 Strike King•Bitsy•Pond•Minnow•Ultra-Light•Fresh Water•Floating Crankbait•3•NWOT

--

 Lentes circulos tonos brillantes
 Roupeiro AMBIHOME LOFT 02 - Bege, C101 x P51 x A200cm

# TASK OBJECTIVE
Retype only the stretch of lines above starting at the one with "Lentes circulos tonos brillantes" and stopping at the one with "Roupeiro AMBIHOME LOFT", exactly as written, with both kept.

# TASK OUTPUT
 Lentes circulos tonos brillantes
 Roupeiro AMBIHOME LOFT 02 - Bege, C101 x P51 x A200cm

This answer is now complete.